Increased Gas Generation
While there are similarities between the 2014 and 2019 polar vortices, Morningstar says one of the largest differences lies in changes to the electricity generation stack and the supply of natural gas. Gas production increases during those five years, with lower-48 output growing 16 Bcf/d, to 86 Bcf/d in January. The analysis points to easy access to affordable Marcellus/Utica shale gas during the past five years as the reason for increased PJM gas generation. Morningstar also points to improvements in the pipeline transport network as helping keeping gas prices generally low.
According to the analysis, changes to the generation stack primarily came from coal-fired plants switching to natural gas. In January 2014, coal represented slightly more than 50 percent of PJM electricity generation, while natural gas accounted for 13 percent. By January 2019, coal generation is delivering 29 percent of PJM’s generation, falling slightly behind the 30 percent generated by natural gas, Morningstar observes.
During January’s peak cold event, coal generation as a percentage of total generation only hit 37 percent, Morningstar reports. It points out coal generation peaked briefly at 40 percent on Jan. 21, likely because of the TETCO natural gas pipeline explosion in Southeast Ohio, adding despite the pipeline interruptions, the natural gas system adjusted quickly.
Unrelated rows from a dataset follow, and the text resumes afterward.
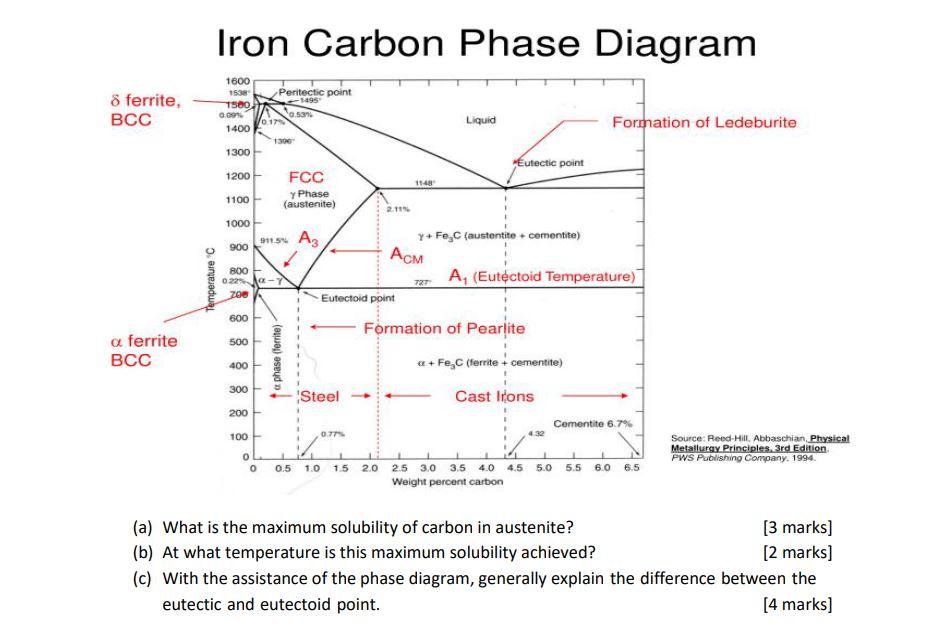 Solved Iron Carbon Phase Diagram 1600 153 Peritectic point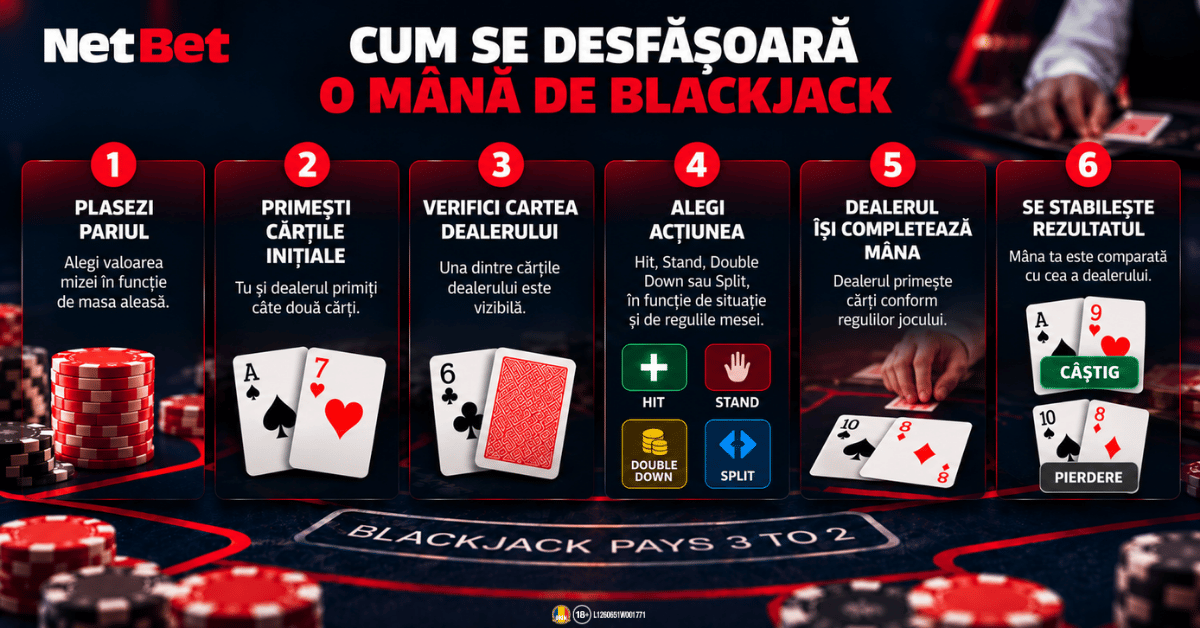Cum se desfășoară o mână de blackjack Cum se desfășoară o mână de blackjack pas cu pas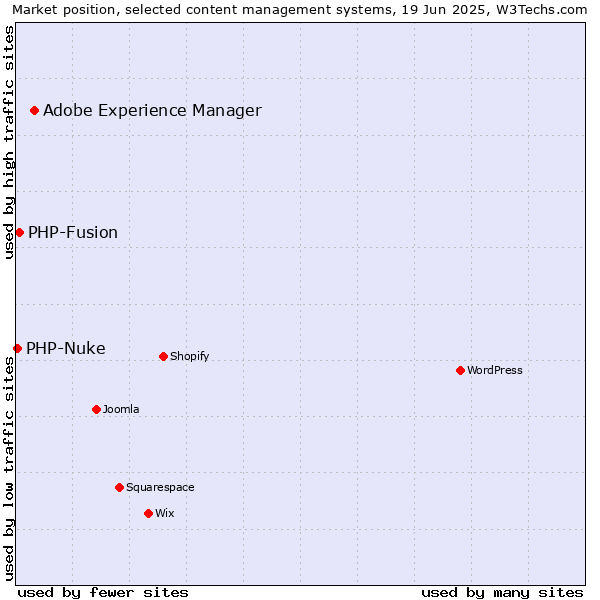 Market position of Adobe Experience Manager vs. PHP-Fusion vs. PHP-Nuke
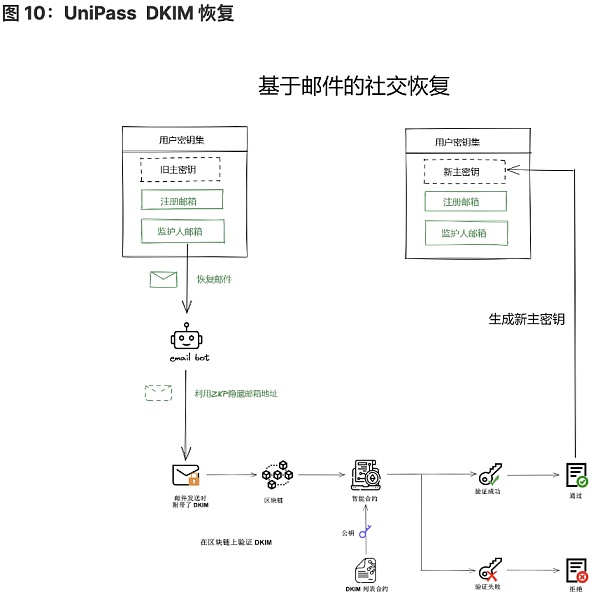 探索实现无助记词钱包的一种方式是完全中心化的账户托管解决方案8 探索实现无助记词钱包的一种方式是完全中心化的账户托管解决方案8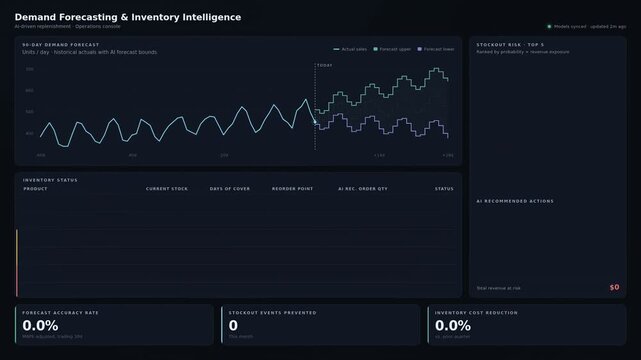 Animated AI e-commerce demand forecasting dashboard with inventory analytics, sales forecast chart, stock risk monitoring, reorder insights, KPI metrics, and dark mode interface.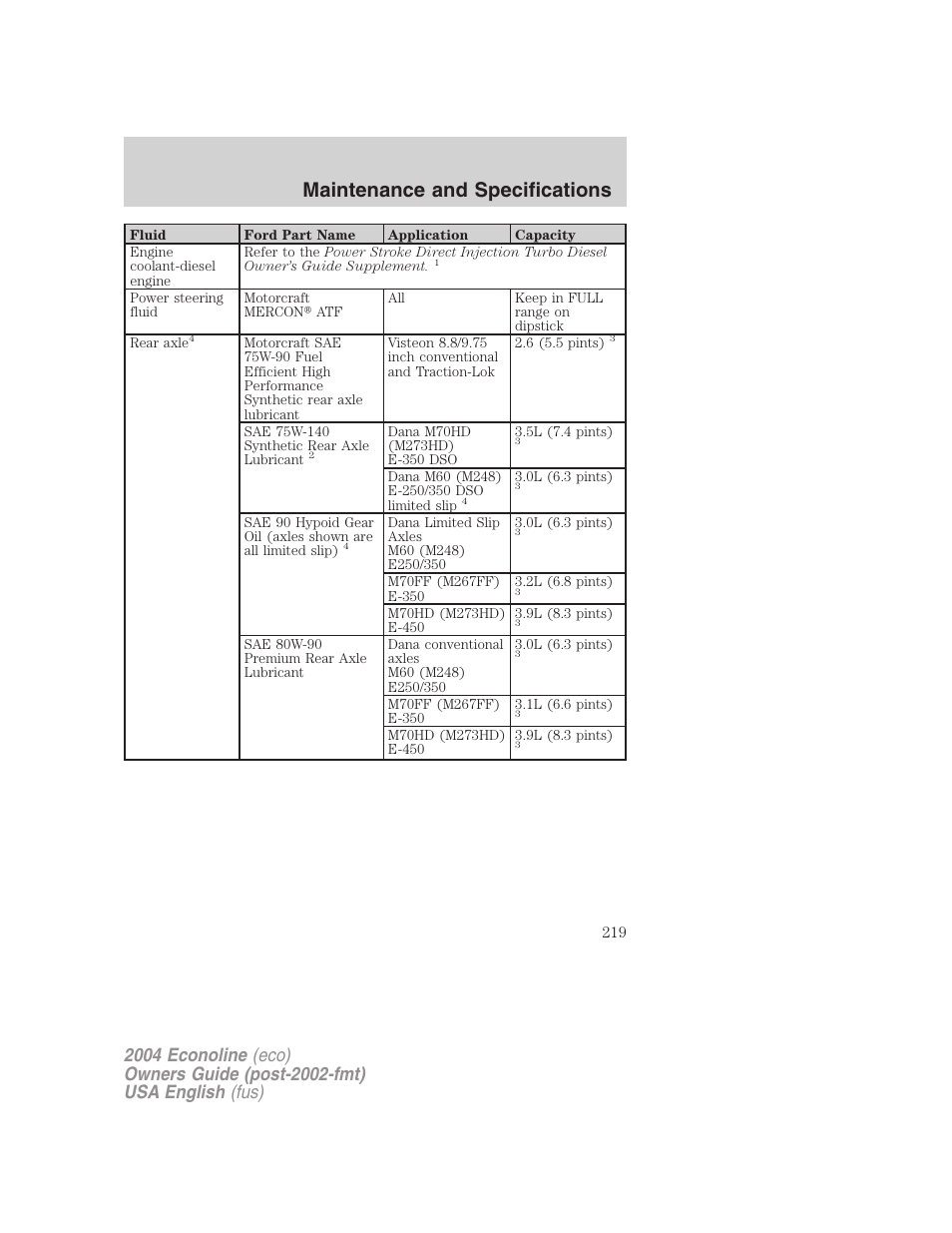 Maintenance and specifications | FORD 2004 E-450 v.1 User Manual | Page 219 / 240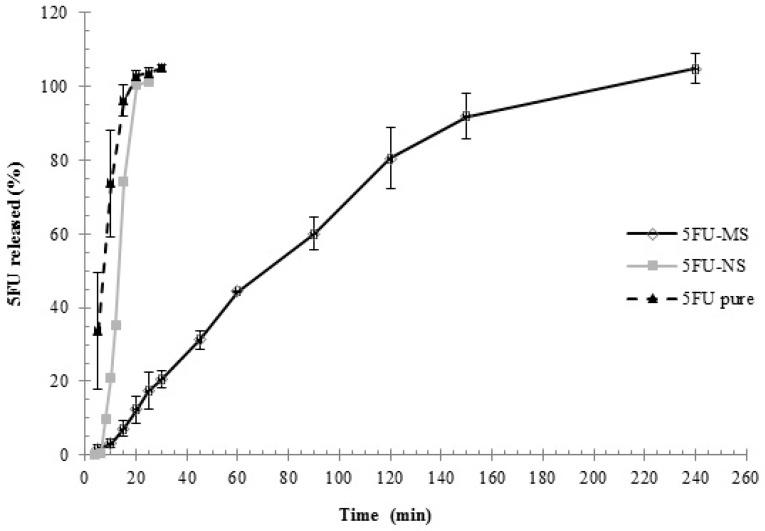 https://cdn.ncbi.nlm.nih.gov/pmc/blobs/3dd1/5853707/c3899eedd040/nanomaterials-08-00075-g005.jpg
Power prices remained relatively stable during the 2019 polar vortex when compared with the 2014 event, the analysis says. PJM day-ahead on-peak prices in January 2014 settled at $168.89/MW, compared with $37.37/MW five years later. Morningstar notes natural gas prices also settled at lower levels during January 2019. The NGI daily Appalachian average for the month came in slightly above $3.00 a million Btus, versus slightly more than $20/MMBtu in January 2014.
“Although coal generation moved up in response to greater demand this time around, the natural gas sector showed immense flexibility in the face of the latest weather event, which may spell lower prices in the years to come,” Morningstar predicts.